– Sean Bagniewski had seen the problems coming.

It wasn’t so much that the new app that the Iowa Democratic Party had planned to use to report its caucus results didn’t work. It was that people were struggling to even log in or download it in the first place. After all, there had never been any app-specific training for this many precinct chairs.

So last Thursday, Bagniewski, chairman of the Democratic Party in Polk County, Iowa’s most populous, decided to scrap the app entirely, instructing his precinct chairs to simply call in the caucus results as they had always done.

The only problem was, when the time came during Monday’s caucuses, those precinct chairs could not connect with party leaders via phone. Bagniewski instructed his executive director to take pictures of the results with her smartphone and drive over to the Iowa Democratic Party headquarters to deliver them in person. She was turned away without explanation, he said.

“I don’t even know if they know what they don’t know,” Bagniewski said of the state party shortly before 2 a.m. Tuesday.

It was a surreal opening act for the 2020 campaign that included unexplained “inconsistencies” in results that were not released to the public, heated conference calls with campaigns that were hung up on by the state party, firm denials of any kind of hacking and a presidential primary left in a strange state of almost suspended animation.

“A systemwide disaster,” said Derek Eadon, a former Iowa Democratic Party chairman.

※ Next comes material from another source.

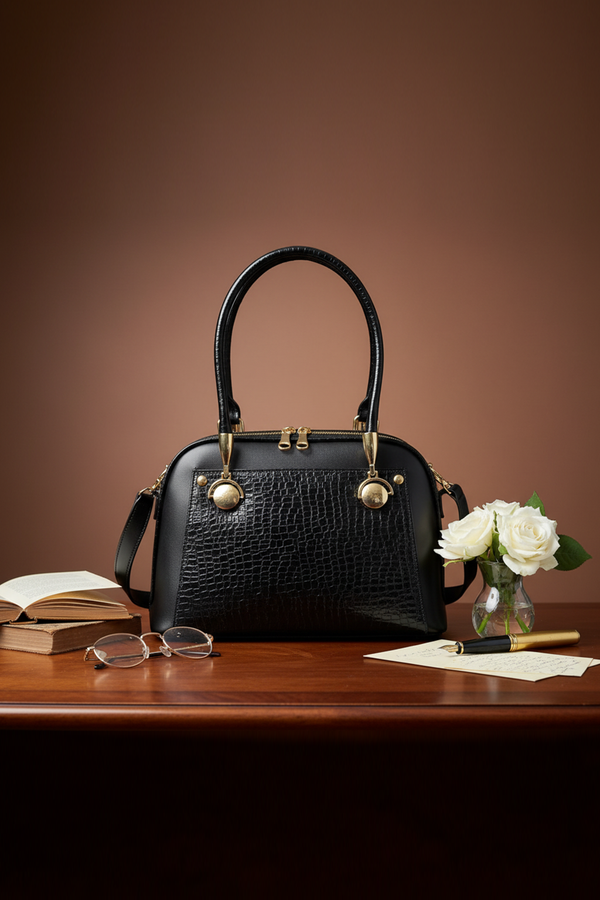 Elegant Textured Leather Handbag with Gold Accents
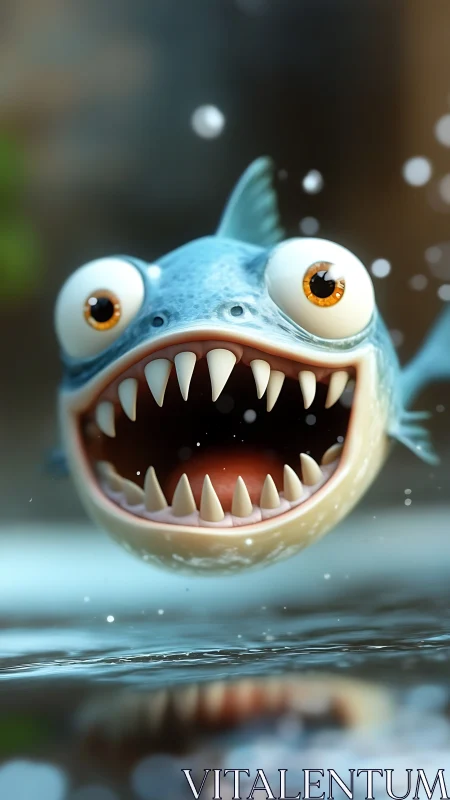 Cartoon fish with large teeth emerges from calm water surface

Amid the chaos and confusion, there were conflicting candidate speeches declaring various degrees of victory, as Sen. Bernie Sanders’ campaign released its own set of favorable partial results, and multiple campaigns hoped that the mess would not lessen the eventual impact of what they said appeared to be a disappointing first test for former Vice President Joe Biden.

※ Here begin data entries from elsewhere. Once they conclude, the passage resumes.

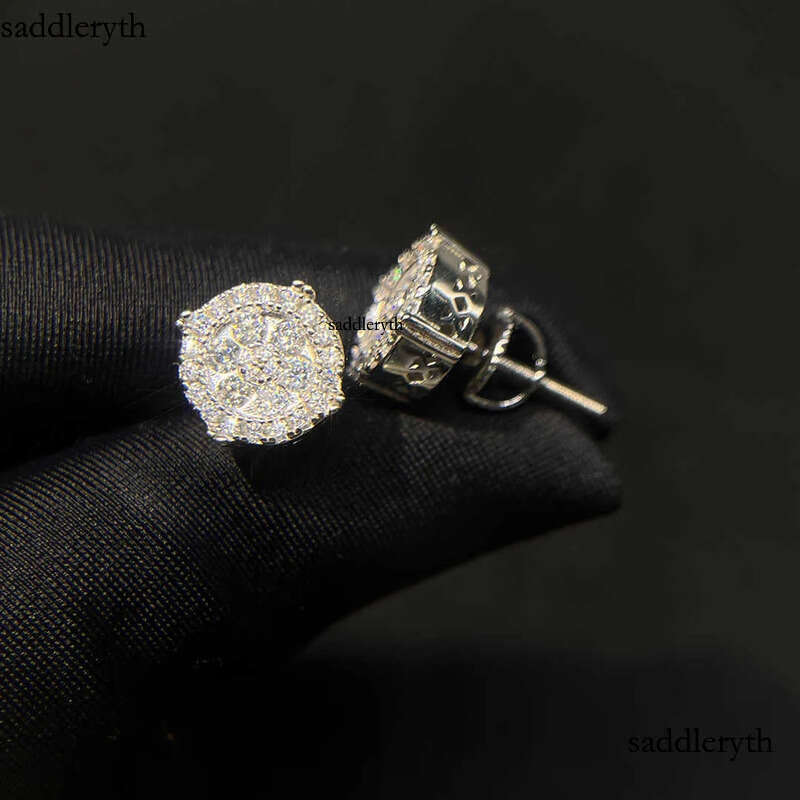 Designer Jewelry Wholesale Price Popular Hot Sale Iced Out Sterg Sier Jewellery Moissanite Vvs Screw Back Stud Earrings Category Gift b5
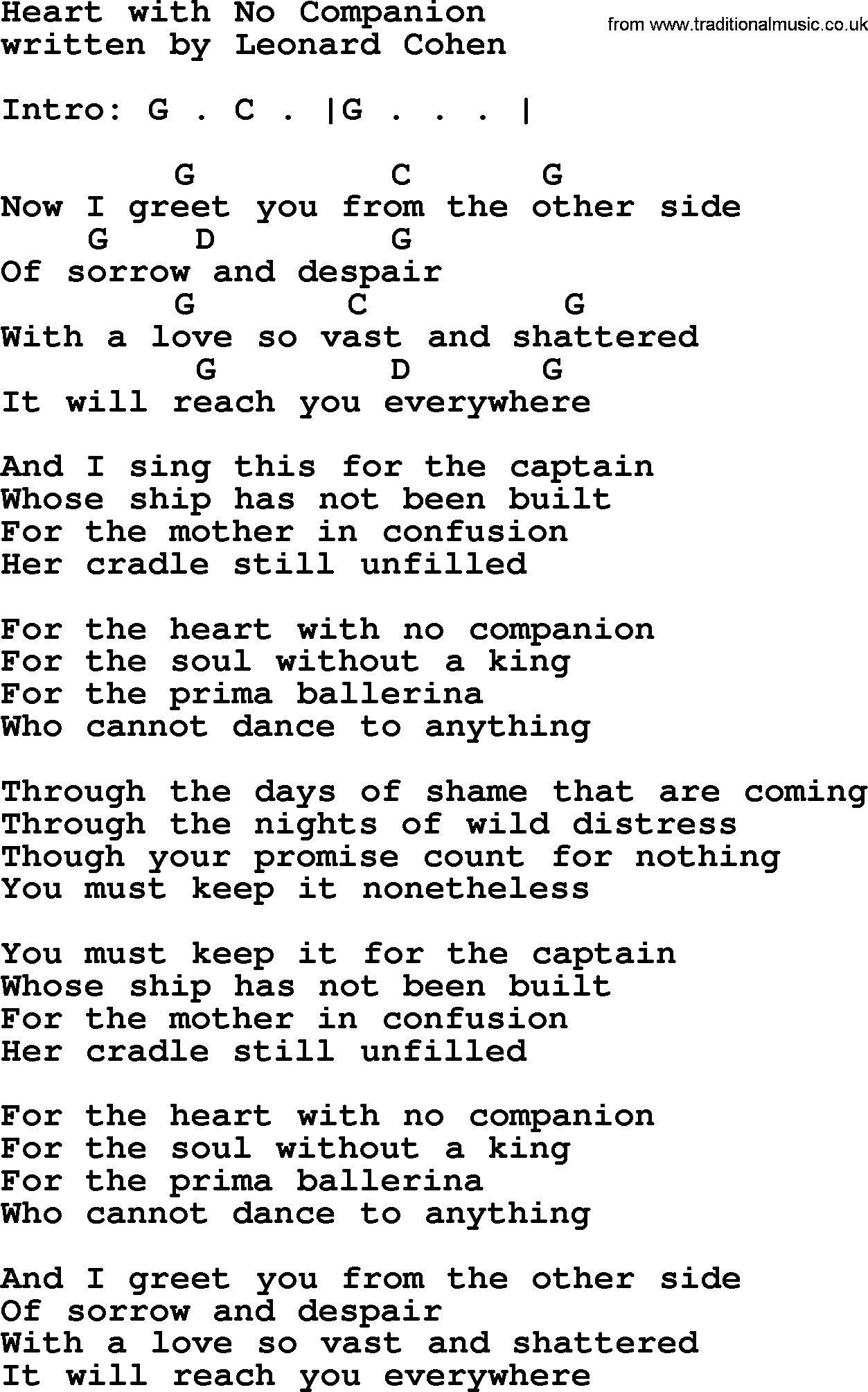 Leonard Cohen song Heart With No Companion, lyrics and chords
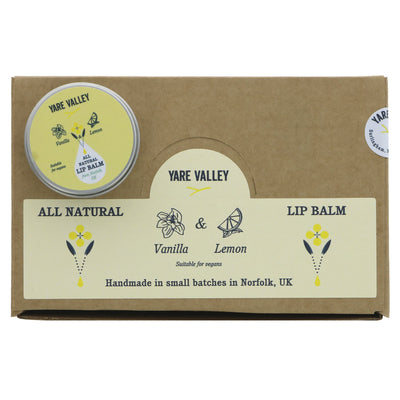 All-natural Vanilla & Lemon Lip Balm Tin by Yare Valley - handmade in small batches with vegan-friendly ingredients. Perfect for everyday use.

“Any campaign saying they won or putting out incomplete numbers is contributing to the chaos and misinformation,” Joe Rospars, chief strategist for Sen. Elizabeth Warren, scolded on Twitter. Two tweets and one minute earlier, he had written, “It’s a very close race among the top three candidates (Warren, Sanders, Buttigieg) and Biden came a distant fourth.”

With no actual results, the only clear loser was Iowa and its increasingly precarious caucuses. For the third consecutive presidential cycle, the results here are riddled with questions, if not doubt. First it was the Republicans, when Mitt Romney was initially declared the winner in 2012 before that was later reversed, and then the Democrats suffered when a virtual tie between Hillary Clinton and Sanders in 2016 set off a number of rule changes that culminated in the 2020 debacle.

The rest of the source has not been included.